ROGÉRIO CEZAR DE CERQUEIRA LEITE
DO CONSELHO EDITORIAL

Inca é a denominação atribuída atualmente à nação cujos próprios cidadãos a chamavam de Tawantisuiu, ou seja, ``o país dos quatro cantos".
Inca designava o dirigente máximo, sua família, uma dinastia. É como se chamássemos os egípcios de faraós, os romanos de césares e os brasileiros de cardosos.
Por que teria ocorrido esta distorção? É possível que a razão tenha sido a grande influência que a ``propaganda" parece ter tido na administração do Império Inca.
Os incas conseguiram, por exemplo, convencer os espanhóis que eram eles os responsáveis pelo elevado nível de cultura alcançada na região por eles ocupada. Todavia, isto não é verdade.
Na imensa região que o império inca conquistou entre 1438, época de sua primeira pulsação expansionista, até 1532, data da conquista espanhola, cerca de seis milhões de habitantes distribuídos em pelo menos uma centena de culturas, se acomodavam.
Seis milhões era também a população da Espanha a esta época. Em uma estreita faixa entre o litoral e Andes, estendendo-se por mais que quatro mil quilômetros, ocupava o império inca praticamente o que é o Chile povoado hoje, o Noroeste da Argentina, o Oeste do Equador, do Peru e da Bolívia e o Sudoeste da Colômbia.

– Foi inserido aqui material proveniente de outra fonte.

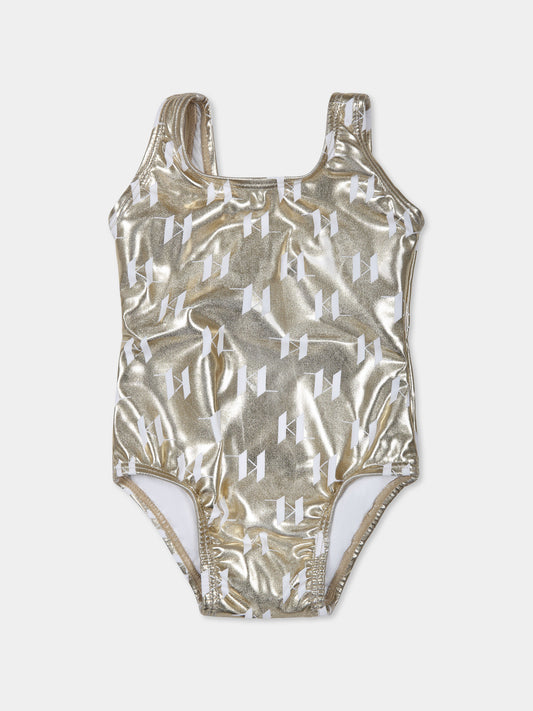 Maillot de bain doré pour bébé fille avec logo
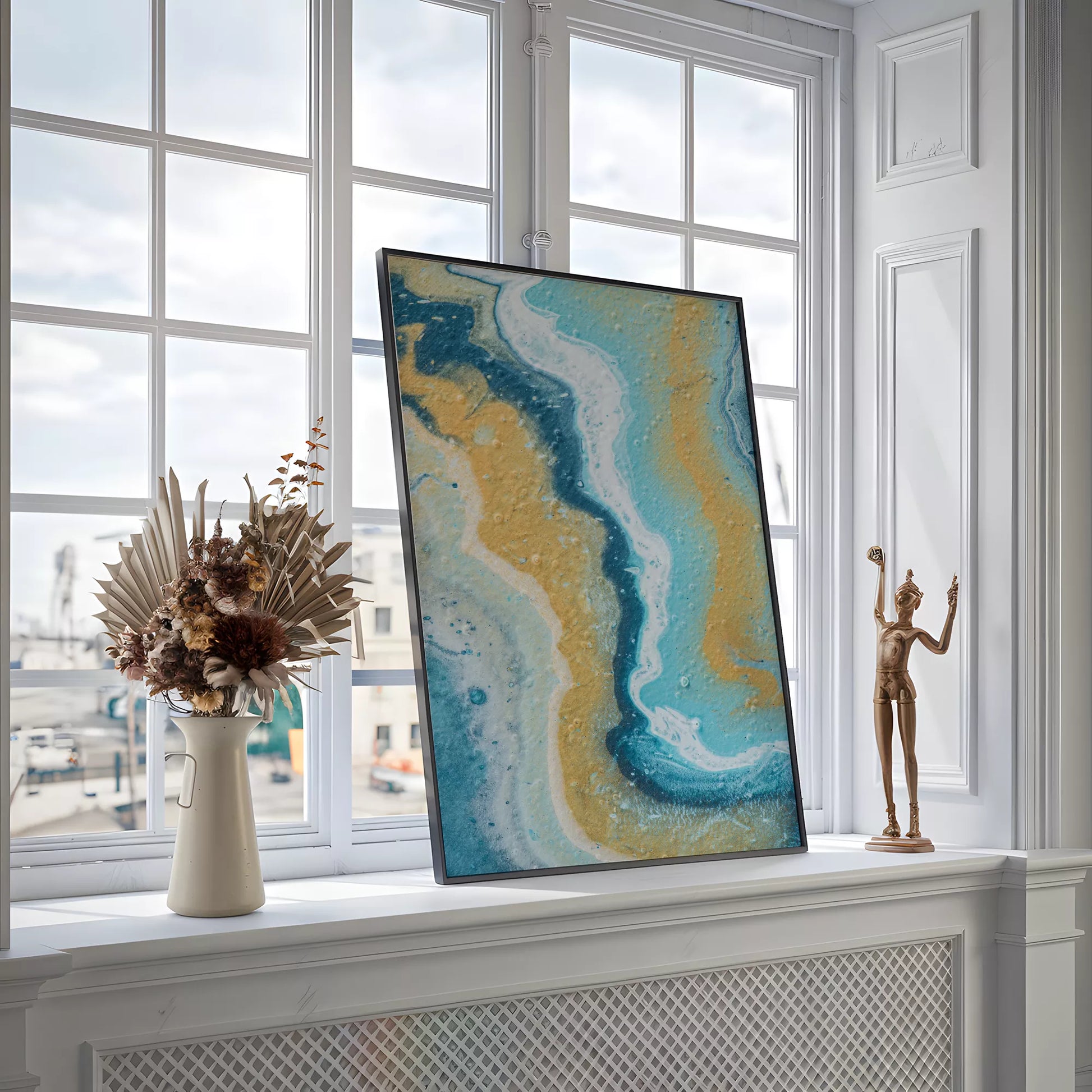 抽象画ブルーとゴールドのモダンアートポスター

Nesta imensa região, durante quatro mil anos antes da ascensão incaica, ocorreram oscilações frequentes entre períodos de agregação sob uma liderança forte e períodos de fragmentação.
Os incas pretendiam ter conseguido uma unidade cultural, política e religiosa, o que seria um feito sem precedentes para um período tão curto, menos que cem anos. Há indícios, entretanto, de que uma religião homogênea foi alcançada. O uso deliberado de propaganda parece ter sido decisivo.

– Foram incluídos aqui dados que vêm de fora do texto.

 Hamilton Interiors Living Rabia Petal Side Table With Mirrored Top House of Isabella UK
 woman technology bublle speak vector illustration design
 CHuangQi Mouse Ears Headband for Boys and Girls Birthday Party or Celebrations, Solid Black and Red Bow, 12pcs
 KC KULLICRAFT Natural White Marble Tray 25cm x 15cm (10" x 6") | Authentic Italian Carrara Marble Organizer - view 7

Este feito é tão mais impressionante quando nos lembramos que os incas contrariamente aos maias e aos astecas, por exemplo, não tinham qualquer forma de escrita.
Sonho socialista
Sua propaganda era tão intensa que possivelmente chegaram a acreditar que, de fato, haviam conseguido uma redistribuição ampla de alimentos entre povoados com diferentes climas, controlado pelo Estado, ao estilo do planejamento soviético.
Aparentemente este sonho socialista nunca se realizou. Cerca de 500 anos depois, ainda estamos tentando. Pois bem, esta utopia foi passada para os espanhóis como uma realidade e teve o nome de Arquipélago Vertical.
Todavia, tudo indica que as povoações resolviam seus problemas de suprimento localmente.
Alguns autores acreditam, entretanto, que o sucesso do império inca se deve a uma legislação um pouco bizarra.
O inca, ou seja, o imperador era geralmente muito rico e precisava dessa riqueza para manter a sua corte, o seu prestígio e o seu poder.
A lei, entretanto, não permitia heranças para descendentes ou para outros cidadãos quaisquer. Seus bens, ao morrerem, seriam usados para manter seus cultos, sua múmia etc.
Ora, o descendente sendo pobre teria que conquistar novos territórios, novos tesouros, novos súditos. Sem conquistas perderia o poder. Inventaram, ao que parece, também o capitalismo selvagem.
Apesar dessas dificuldades, entretanto, um enorme senso de organização lhes era peculiar. Os quatro cantões, que tinham Cuzco ao centro, eram dirigidos por governadores.
Os cantões se dividiam em províncias (municípios) dirigidos por prefeitos. Todas essas posições eram ocupadas de acordo com complexas relações de parentesco com o inca de cargo superior.
Ao que parece até mesmo o nepotismo foram os incas que institucionalizaram e não o Congresso Nacional.